The Four Main Privacy Layers

LayerWhat it controlsMain doc
NoticeWhat the caller hears before or during the conversationAnnouncements
StorageWhat the platform stores and for how longData Retention Settings
Caller choiceWhether the caller can stop recording mid-callRecording Opt-Out
Public transparencyWhat callers and visitors can read about how your agents handle their dataTrust Center

Why This Matters

Most privacy failures happen at the boundaries:
  • a call is recorded but callers were not prepared for it
  • retention settings do not match the public policy
  • a widget is live, but the privacy links are missing or unclear
  • a team exports or forwards data without checking what is actually stored
The safest pattern is to make notice, storage, and public disclosure align.

Start With The Policy You Actually Want

Before changing the UI, decide:
  • do you want to store recordings, transcripts, both, or neither?
  • do some agents need stricter rules than the account default?
  • do callers need an explicit way to opt out of recording?
  • do public web visitors need a visible Trust Center before they interact?
Once that policy is clear, configure the product around it.

Common Privacy Patterns

Standard customer-service workflow

Typical setup:
  • pre-call notice enabled
  • transcripts and recordings stored with defined retention
  • public Trust Center enabled for widget traffic
  • recording opt-out enabled when required by policy or jurisdiction
Typical setup:
  • short notice with clear disclosure
  • reduced retention windows
  • some data types set to Do not store
  • public Trust Center aligned to the stricter policy
Typical setup:
  • explicit announcement before the agent starts listening
  • tight retention rules or no recording storage
  • recording opt-out enabled when recordings exist
  • clear internal review process for exports and webhook consumers

How The Controls Fit Together

1. Announcements set the caller expectation

Use Announcements when callers should hear a notice before the agent begins listening. This is the right place to explain:
  • that the conversation may be recorded
  • why it is being recorded
  • what the caller can do if they do not want recording

2. Retention decides what stays in the system

Use Data Retention Settings to control:
  • whether transcripts are stored
  • whether recordings are stored
  • how long analytics artifacts remain available
  • whether expiry leads to deletion or anonymization
The important rule: your retention settings should match what your team promises publicly.

3. Recording Opt-Out handles live caller objections

Use Recording Opt-Out when recordings are enabled and callers may reasonably ask for recording to stop. If recordings are already set to Do not store, this control becomes less relevant because the recording is not kept in the first place.

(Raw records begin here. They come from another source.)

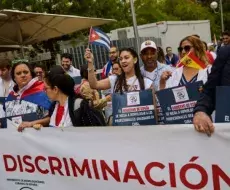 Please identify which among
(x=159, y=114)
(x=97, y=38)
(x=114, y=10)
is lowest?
(x=159, y=114)

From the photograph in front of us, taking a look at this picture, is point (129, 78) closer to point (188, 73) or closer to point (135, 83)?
point (135, 83)

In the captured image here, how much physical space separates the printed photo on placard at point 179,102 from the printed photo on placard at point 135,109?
0.34 feet

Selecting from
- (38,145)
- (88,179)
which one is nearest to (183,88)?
(88,179)

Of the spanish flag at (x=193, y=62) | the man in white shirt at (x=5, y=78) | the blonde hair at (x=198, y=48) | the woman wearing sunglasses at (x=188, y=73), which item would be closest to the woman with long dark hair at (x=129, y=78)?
the woman wearing sunglasses at (x=188, y=73)

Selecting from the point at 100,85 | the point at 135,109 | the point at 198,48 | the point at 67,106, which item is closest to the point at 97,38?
the point at 100,85

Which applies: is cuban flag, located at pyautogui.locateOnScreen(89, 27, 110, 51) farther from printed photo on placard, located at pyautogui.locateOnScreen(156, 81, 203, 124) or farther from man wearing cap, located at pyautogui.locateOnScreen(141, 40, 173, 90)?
printed photo on placard, located at pyautogui.locateOnScreen(156, 81, 203, 124)

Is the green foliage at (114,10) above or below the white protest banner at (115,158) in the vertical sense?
above

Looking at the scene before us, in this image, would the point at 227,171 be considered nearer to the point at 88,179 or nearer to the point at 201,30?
the point at 88,179

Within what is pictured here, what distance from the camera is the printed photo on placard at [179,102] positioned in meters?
3.66

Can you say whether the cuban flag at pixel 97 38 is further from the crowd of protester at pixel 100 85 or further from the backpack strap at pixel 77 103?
the backpack strap at pixel 77 103

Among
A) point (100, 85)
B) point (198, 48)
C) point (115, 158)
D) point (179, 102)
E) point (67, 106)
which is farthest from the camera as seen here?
→ point (100, 85)

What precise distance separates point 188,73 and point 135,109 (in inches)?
30.3

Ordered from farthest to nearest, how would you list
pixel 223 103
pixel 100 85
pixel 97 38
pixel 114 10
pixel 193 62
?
pixel 114 10 < pixel 97 38 < pixel 100 85 < pixel 193 62 < pixel 223 103

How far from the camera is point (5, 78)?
6395 millimetres
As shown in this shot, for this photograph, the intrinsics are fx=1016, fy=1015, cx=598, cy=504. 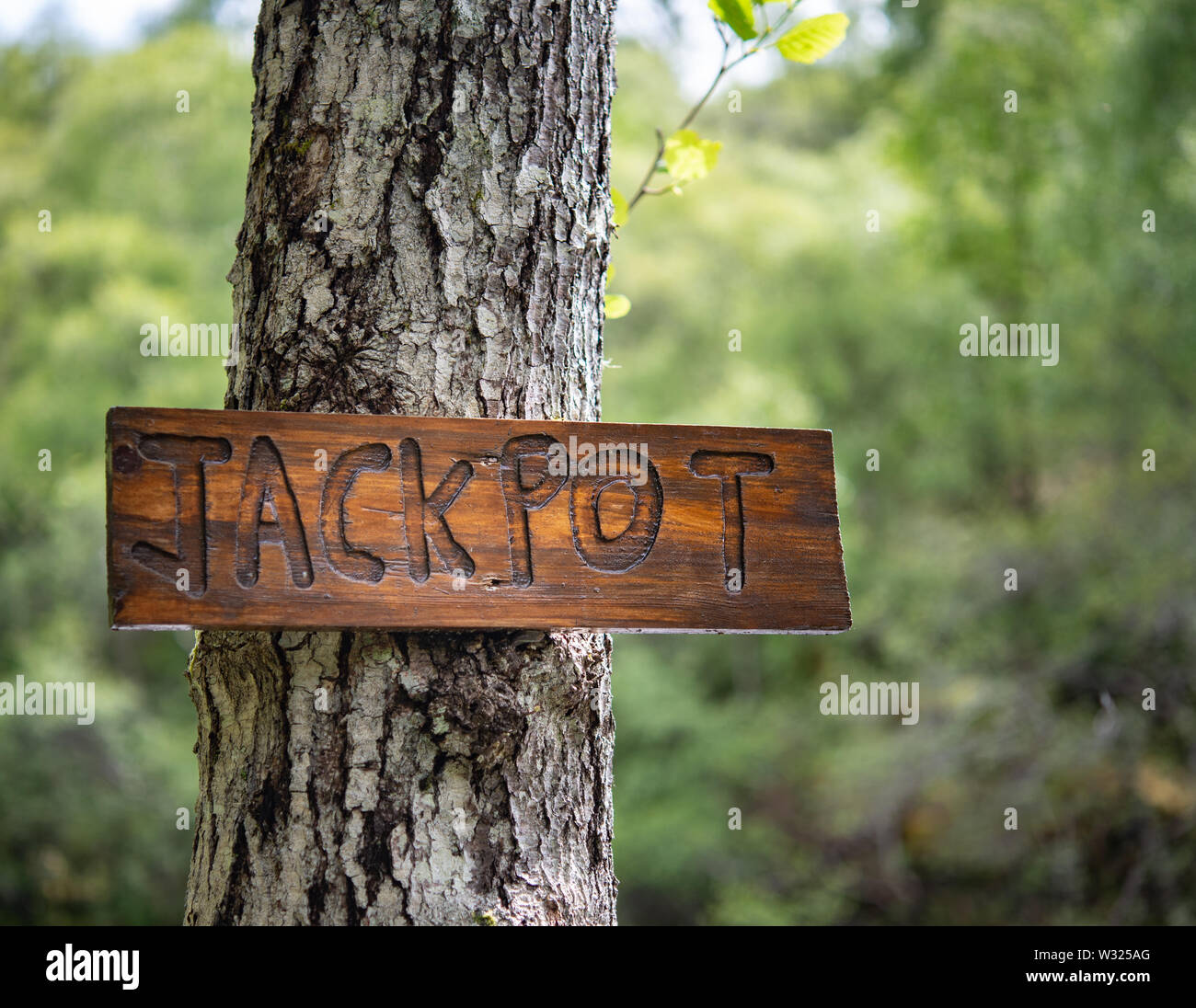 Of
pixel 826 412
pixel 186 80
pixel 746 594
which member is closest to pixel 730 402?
pixel 826 412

4. Trust Center explains your public-facing posture

Use the Trust Center to publish:
  • privacy policy links
  • subprocessors information
  • retention posture
  • transparency material for website visitors
This matters most for web widgets, public demos, and externally shared assistants.

Widgets Need Extra Care

For widget-based conversations, align these three things:
  1. the widget consent and privacy copy
  2. the public Trust Center page
  3. the actual retention and recording behavior behind the widget
If those three are inconsistent, visitors lose trust quickly. See Web Widget Deployment and Web Widget Implementation for the deployment side.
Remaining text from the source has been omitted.